Aos poucos, as salas do Centro Comercial estão sendo pintadas e os móveis substituídos. A Biblioteca Pública Municipal também teve seu acervo destruído, e agora conta com doações para ser reposto. “Em função da enchente, muita sujeira acabou entrando no rio, como madeiras, móveis, objetos particulares, lixo em geral. Isso acaba represando em pontos do rio, ocorrendo assim mais alagamentos”, diz a assessoria de imprensa da Prefeitura.
Perdas e memórias que não voltam
Entre os moradores afetados, está a aposentada Iraci Lopes, de 63 anos.

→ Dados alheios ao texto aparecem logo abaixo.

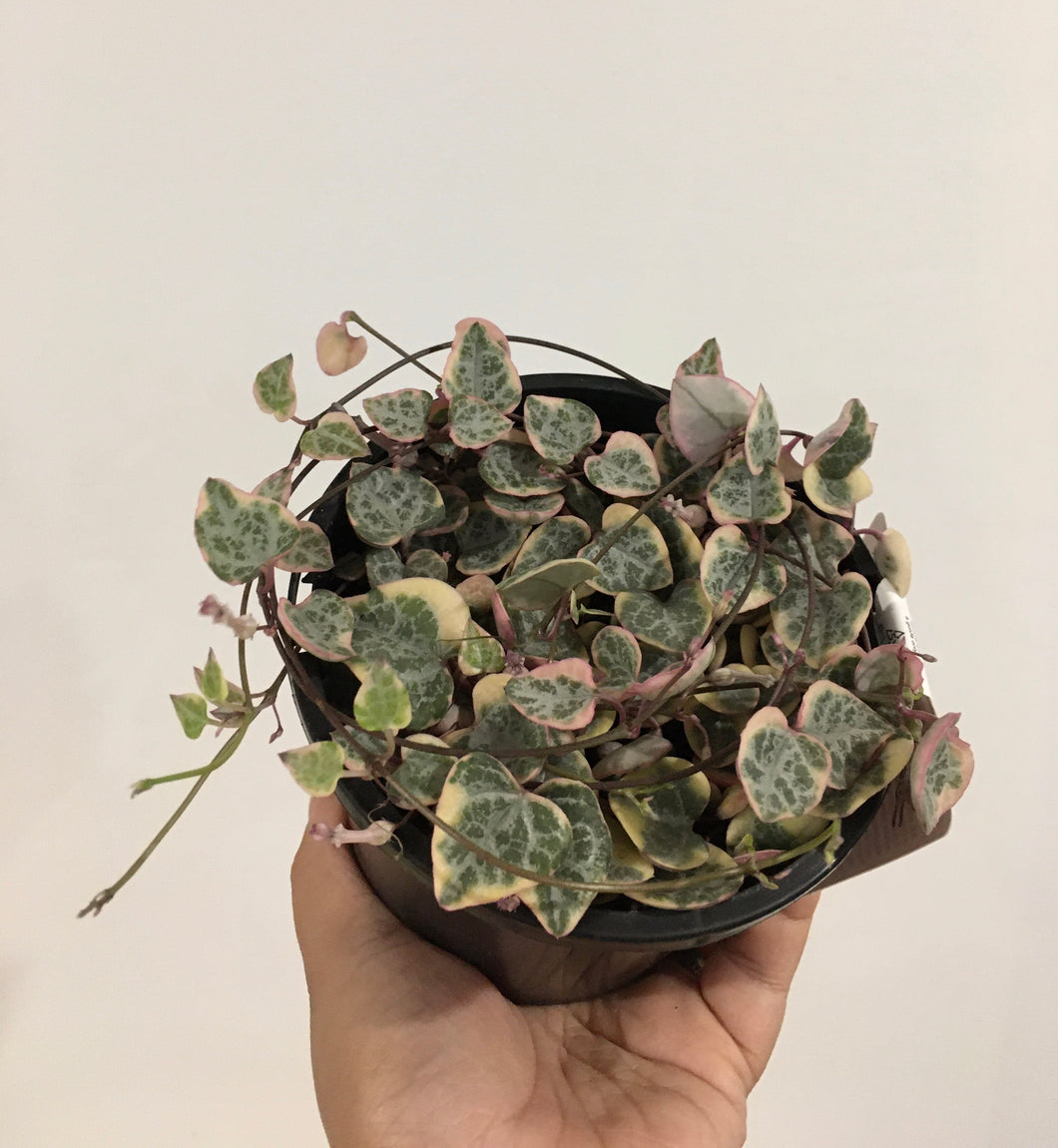 Variegated chain of hearts in 13cm pot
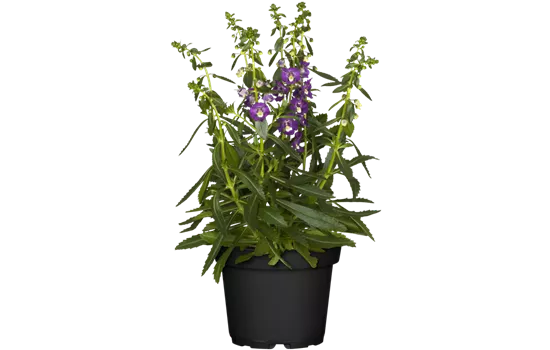 Angelonia, blau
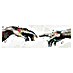 Reinders Glasbild Creation Art 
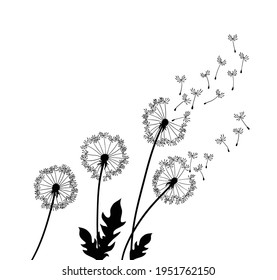 Dandelion wind blow background. Black silhouette with flying dandelion buds on a white. Abstract flying seeds. Floral scene design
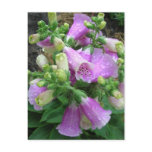 Foxglove with dew post cards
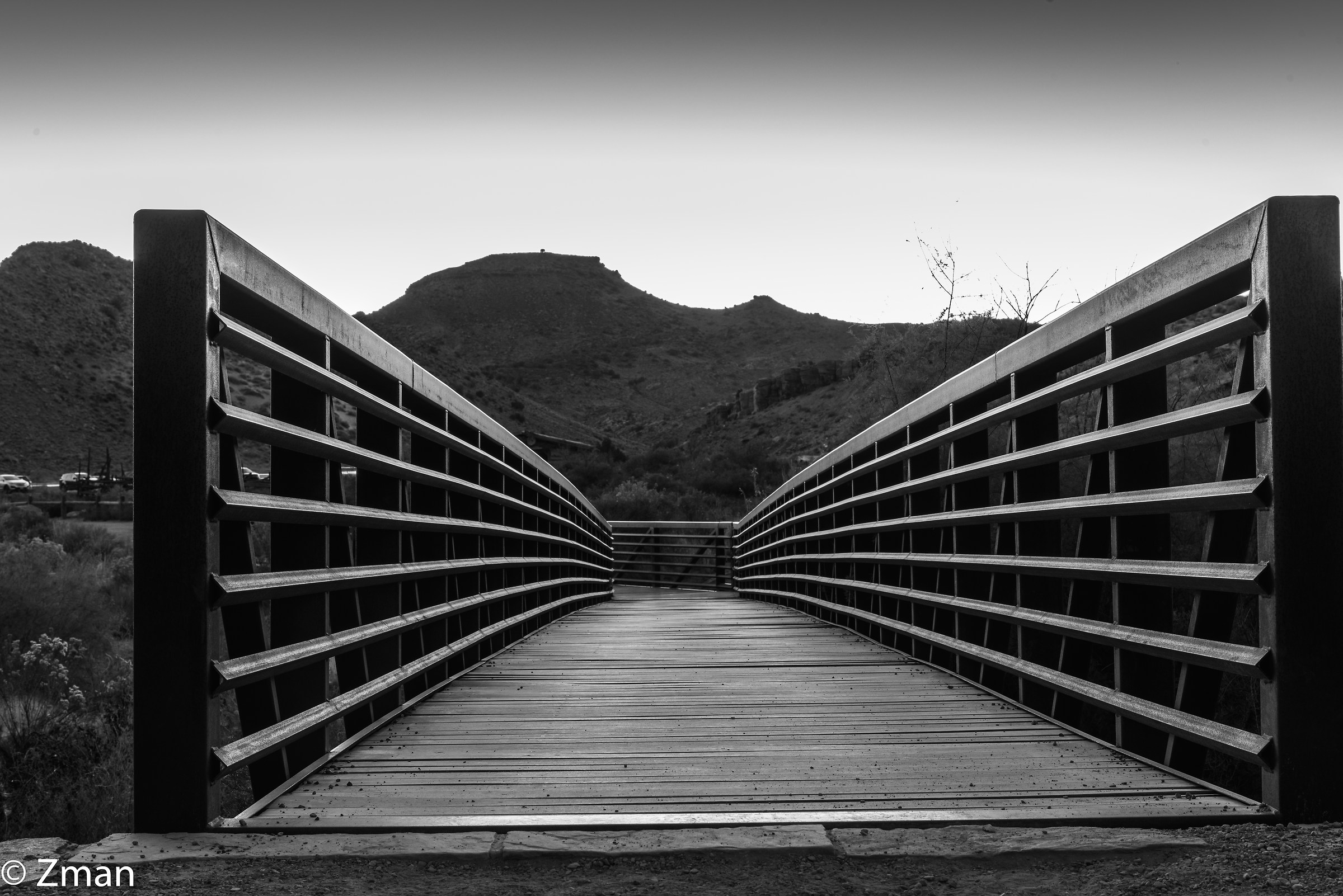Pedestrian Bridge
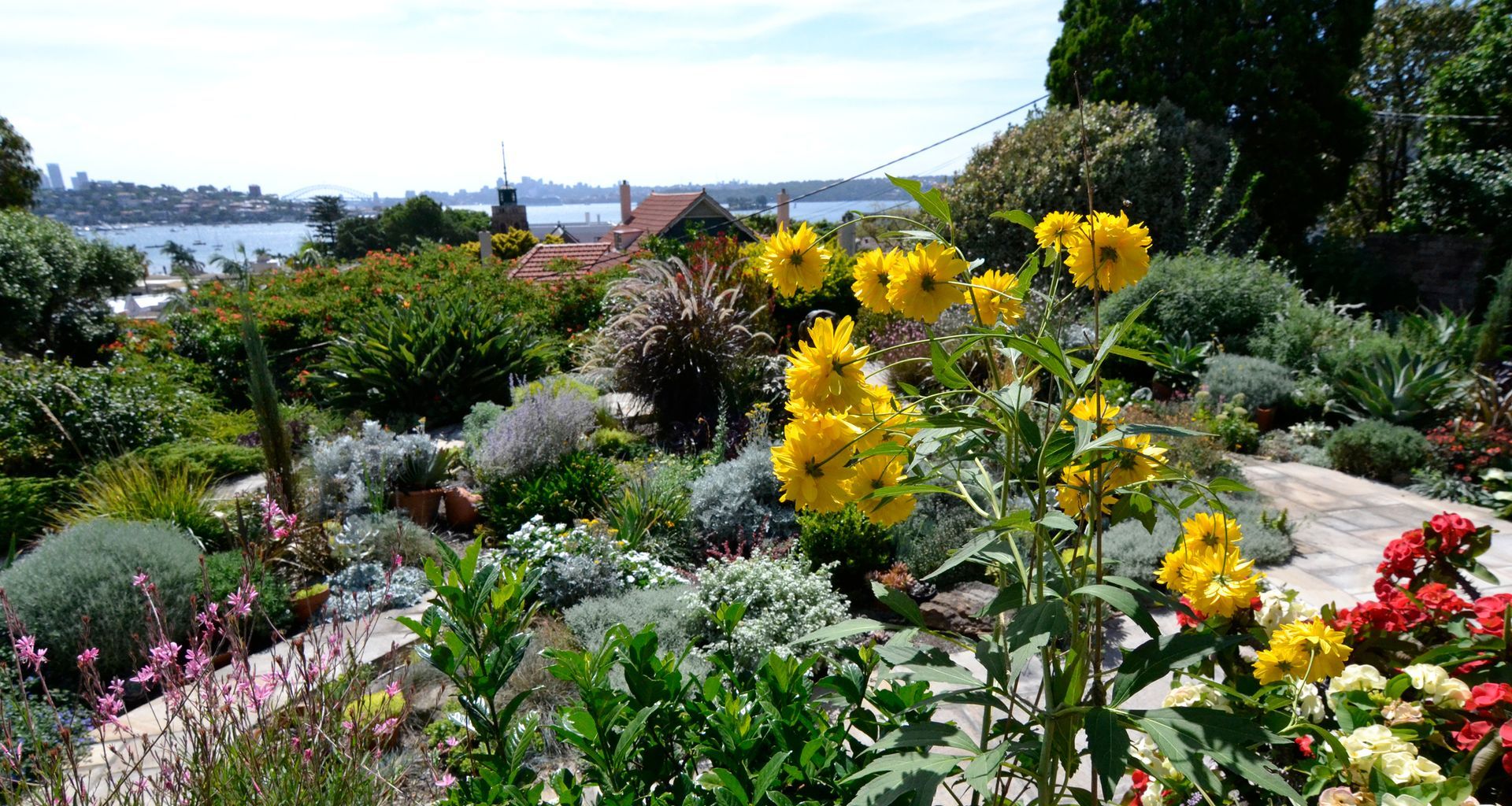 Rose Bay banner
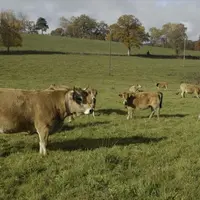 L’association Paysans bio d’Aveyron (PBA) est à l’origine, en lien avec d’autres collectifs d’éleveurs régionaux, de la création de la marque commerci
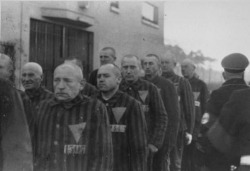 ramirezbundydahmer:  When the Nazi concentration camps were liberated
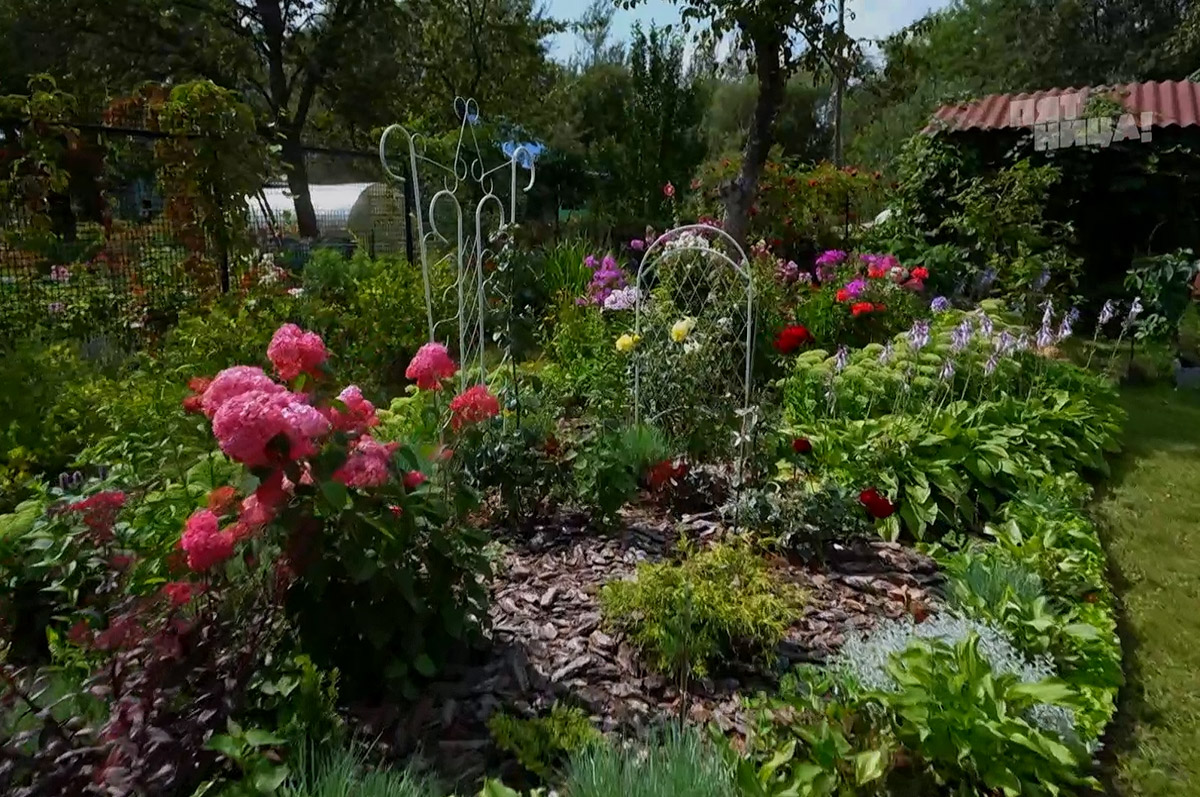 На телеканале «Пятница!» вышла новая серия реалити-шоу «Четыре дачи». Участие в нем приняли жители Золотого кольца России, причем двое из 33-го региона. Оба пусть и не победили, зато заняли призовые места. О том, как проходили съемки и что осталось за кадром, они рассказали «Ключ-Медиа».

Na época em que a enchente quase cobriu sua casa, sua mãe, Iracema, 83, ainda morava com ela. As duas precisaram sair da residência e se alojar na casa da vizinha Rosângela Grutzmann, 38, que mora em frente, mas em uma área mais alta. Iraci perdeu praticamente tudo o que tinha dentro de casa, inclusive as peças que vende em seu brechó.
Hoje, leva uma vida praticamente como a que tinha antes da inundação. Porém, sua mãe, com medo de passar por isso novamente, foi morar com outra filha, em Parobé, no Vale do Paranhana.
Mas o que mexe profundamente com os sentimentos de Iraci, é a perda das fotos e lembranças da filha Alice, que faleceu em março deste ano, aos 35 anos. “Nós ainda estávamos muito abalados pela partida da Alice e aconteceu isso. Algumas fotos a gente tem no celular, mas a maioria foi perdida”, conta emocionada.
A vizinha Rosângela vive com mais quatro pessoas em casa, mas naquela noite, outras 11 buscaram refúgio em seu lar. Além deles, a casa abrigou também oito cachorros e cinco gatos, um deles, salvo pelo filho Gustavo, de 10 anos, que resgatou o animal debaixo do box de uma cama, quando estava prestes a se afogar. Apesar da água não ter entrado em sua casa, a família perdeu o carro, que estava na garagem abaixo.
Foi da moradia de Rosângela, que Iraci viu as águas marrons do Feitoria praticamente cobrirem as paredes de sua casa. Quando o nível baixou, já no dia seguinte, o cenário de destruição apareceu, mas as lembranças da filha Alice desapareceram. “Foi muito cruel, mas assim como as rosas floresceram de novo mesmo com o lodo, a gente segue em frente. Acabei ganhando uma filha de coração”, diz Iraci referindo-se à vizinha.
A arte do recomeço
Gaiteira, trovadora, tradicionalista, marceneira, mas acima de tudo, artista. Assim pode ser definida Edilamara Azevedo, 65, a Xirua. Ela mora ao lado da casa de Iraci, e assim como a vizinha, teve a casa tomada e destruída pela enchente.
Da perda, ela viu a oportunidade de recomeçar, mas do seu jeito. Com serra, pregos e martelo em mãos, ela mesma fez novos móveis: um roupeiro, duas cômodas, cadeiras, mesa, armários da cozinha, bancos, estantes. Tudo construído e pintado por ela. “Eu nunca gostei de pedir nada, então, apesar de ter perdido muita ferramenta, resolvi fazer tudo do meu jeito. Eu respiro arte”, conta.
O que não pode ser reconstruído, são os DVDs e fotos de suas apresentações tradicionalistas pelo Estado e pela América do Sul. Mesmo assim, isso não lhe abate. “A história a gente reescreve”, define.